Where “Barn Nursery” felt like an introduction, “Boat Garage” leans a little harder toward emo. It centers on a big, hearty chorus and a chunky riff, and it does something oddly specific and memorable: it might be the catchiest song ever written about getting scared after your neighbors house burns down. That specificity gives the track its uneasy humor and the kind of lyrical snapshot that makes a short song feel lived-in.
Shaded by the tonal umbra of indie rock and roll, a sound that just begs you to dance, two deeply frightened individuals lay. “Boat Garage” is the manifestation of our anxieties as the world burns deeper and deeper every day. We dont know what the hell were doing or how to help and so instead, we spiral, help less, worry more, look at pictures of dogs on the internet. “Boat Garage” pokes fun at ourselves for asking the question “Am I the problem?,” because the answer is both “yes” and “no.”
The bands press release frames the song as a small, wry document of contemporary unease: two people who want to move but find themselves immobilized by anxiety and the spectacle of catastrophe. A video accompanies the single, and the song is out now via Music Soup/Interscope, a sign that the duos early momentum has attracted label muscle.

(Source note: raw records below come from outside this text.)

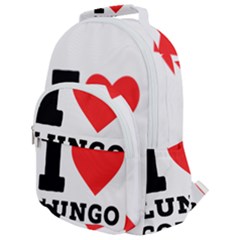 I Love Lungo Coffee  Rounded Multi Pocket Backpack by ilovewhateva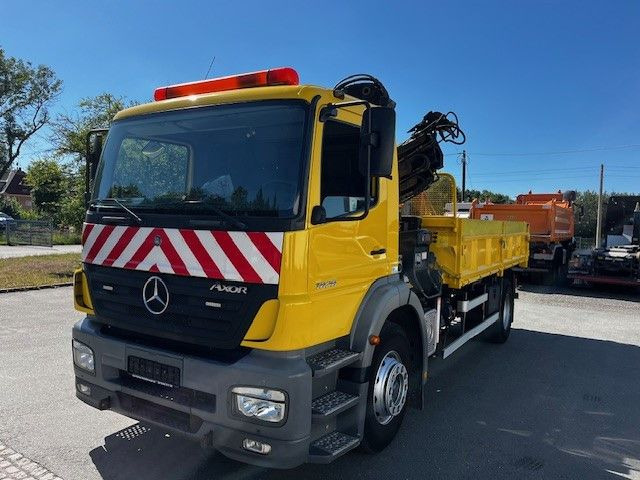 Mercedes-Benz Axor 1828 mit Kipper und Ladekran Top - Самосвал, Автоманипулятор: фото 5 Mercedes-Benz Axor 1828 mit Kipper und Ladekran Top - Самосвал, Автоманипулятор: фото 5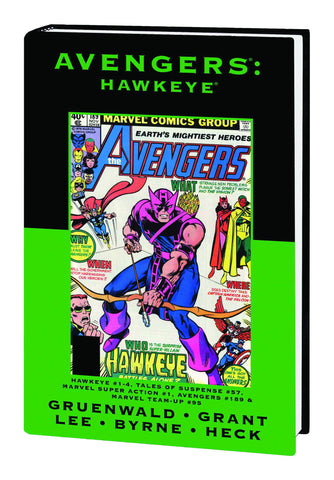 Avengers - Hawkeye Premeir HC Variant ED 22 - Cyber City Comix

On record, the comparison to Big Thief helps more than it constrains. Its shorthand for a certain intimate, slightly ragged approach to indie songwriting—tender observations wrapped in muscular arrangements—but “Boat Garage” tilts that template toward immediacy and melodicism. If the 336 EP felt like a testing ground, this single announces a clearer identity: a band comfortable sitting in the overlap between indie folk warmth and emos sharper edges, using specificity and a big chorus to make a small domestic disaster feel like the axis of the world.